Agora o observo tentar contar lenha para o fogão e lareira, todo desengonçado. Rio comigo mesma olhado a cena. Ele está sem camisa, com o peitoral suado a amostra, seu cachos dourados grudados em sua testa, segurando o machado firmemente e dando golpes no ar. Vou até ele na tentativa de ajudá-lo.

— Sabe ao menos segurar uma espada? — falo sorrindo.

— É claro que sei. Sempre fui um grande guerreiro e, aí...— ele põe o machado no chão — isso é pesado demais.

— Deixa eu te ajudar. Pegue-o novamente — ele pega o machado e o coloca sobre os ombros — Agora empunhe como de fosse uma espada — o agarro por trás para lhe manusear — isso. Agora olhe para o tronco, pense que ele é um grande inimigo e você está prestes a matá-lo — Seguro suas mãos, de forma que meu corpo fica todo grudado em suas costas. — Agora é só dá o golpe.

Com força, Philipe acerta em cheio o tronco, o partindo no meio. Quero nem saber quem foi que ele imaginou no lugar do tronco.

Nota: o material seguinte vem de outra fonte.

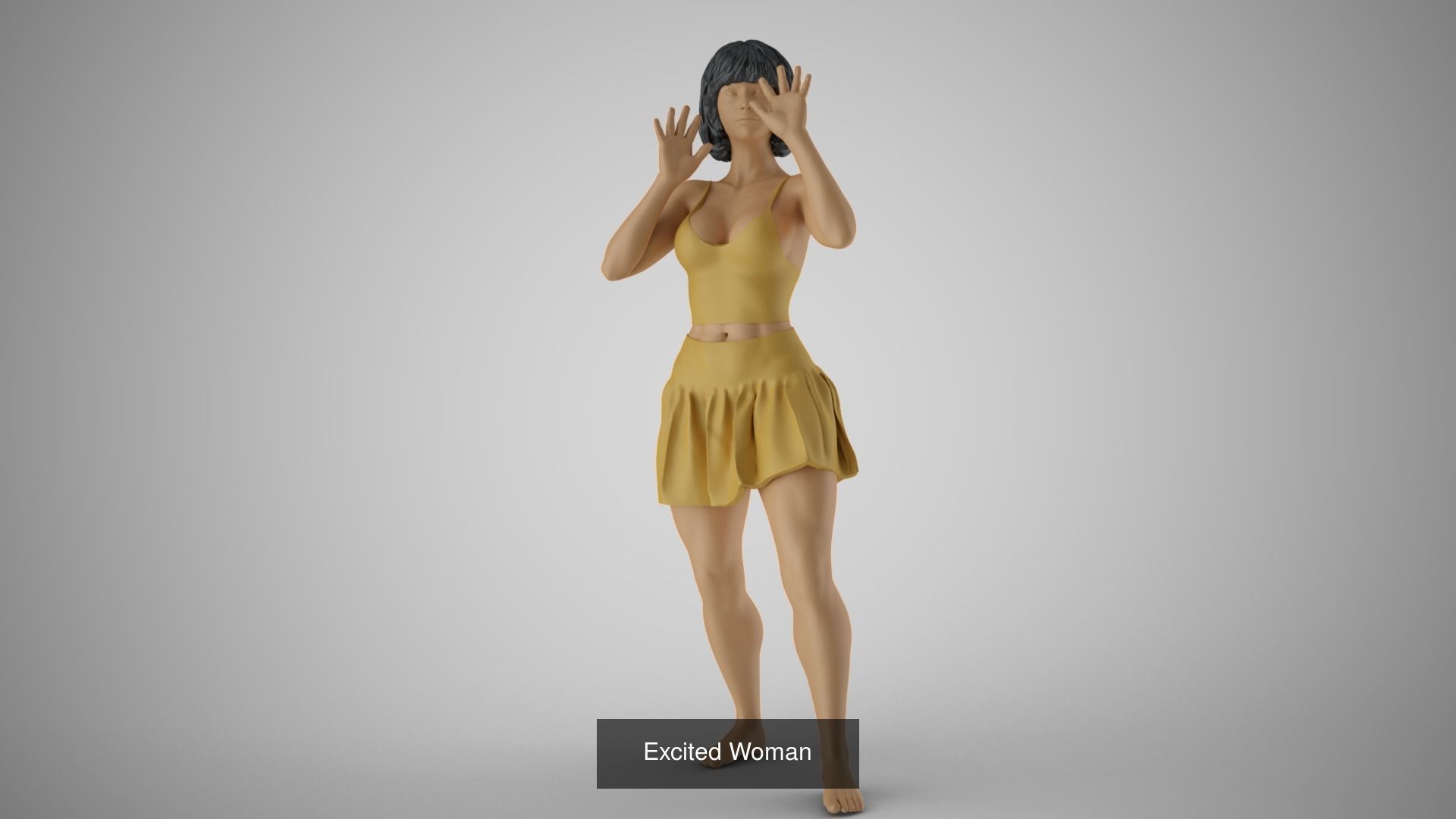 Selected Human Models 3 3D Model Collection_9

— Ahaha, eu consegui. Obrigado, minha rainha. — ele se vira e me beija.

Sinto sua pela quente na minha e ofego rapidamente. Beijar Philipe sempre me deixa assim. Ele passa as mãos nos meus cabelos e se encaixando perfeitamente em minha nuca. Posso sentir seu desejo falando alto e meu corpo responde com arrepios. Ele para de me beijar e me olha atentamente. Afasto um pouco do seu cabelo grudado na testa como forma de carinho.

— Eu te amo tanto, não há nada que eu não faça para ficar contigo, sabia? — ele diz.

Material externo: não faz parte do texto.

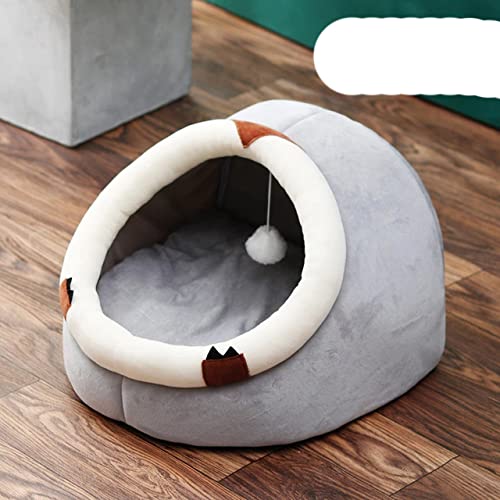 Nettes Katzenbett Warmer Haustierkorb Schönes Katzenhaus Weiche Dicke Matte Für Katzen- oder Welpenmattenbeutel Maschinenwaschbar-Sloth,L von NIQIU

— Nem imagino. Você só largou sua família, seu reinado, seus castelo, tudo isso pra ficar comigo, uma réliz plebeia.

— Fiz tudo isso, e faria de novo e de novo e de novo, só para poder estar assim com você agora.

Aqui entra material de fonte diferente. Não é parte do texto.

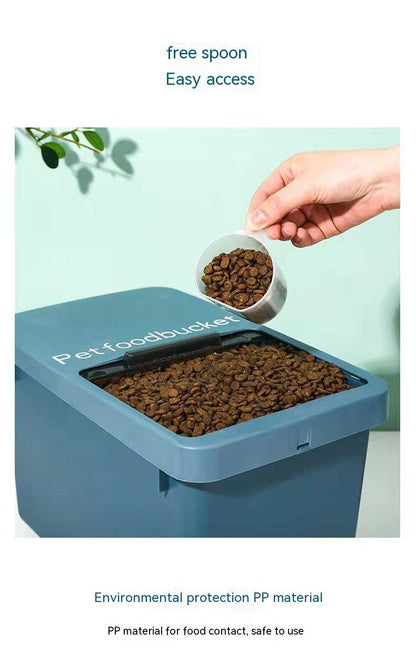 Dust-proof sealed pet supplies storage box with secure lid my store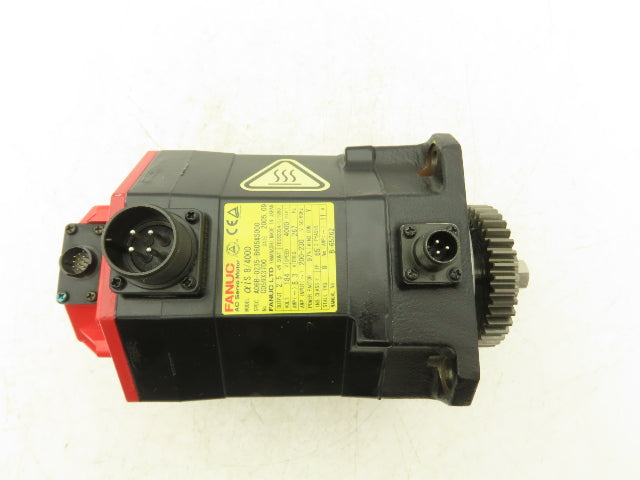 Fanuc A06B-0235-B605 AC Servo Motor 2.5kW 184v 3Ph 4000RPM Encoder A8602010T341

— Eu tenho tanto pra te agradecer, Philipe. Você foi a melhor coisa que me aconteceu. Não vejo nenhum homem no mundo fazendo tudo o que você fez por mim. Eu te amo, do fundo da minha alma, ah como eu te amo.

Por algum motivo totalmente inesperado, começamos a dançar. Ali mesmo, sem música nem nada. Só nos dois rodopiando na grama do quintal da nossa casa. Dando passos lentos enquanto eu me acomodava em seu peito. Ventos fortes fazem com que eu me encolha e ele me envolva em seus braços me protegendo do frio gelado do anoitecer. Por um momento, só por um momento, eu desejei que ficassemos assim para sempre. Sem brigas, sem preocupações, sem mortes. Só nos dois, com o nosso amor nos unido como um só.

Talvez eu tenha demorado um pouco pra entender. Fiz bastante burradas, coisas que até hoje me pergunto como fui capaz. Mas hoje sei o que sinto, sei o que Philipe sente e sinto também que seremos felizes. Só eu e ele. Na nossa casa. Na nossa pequena família.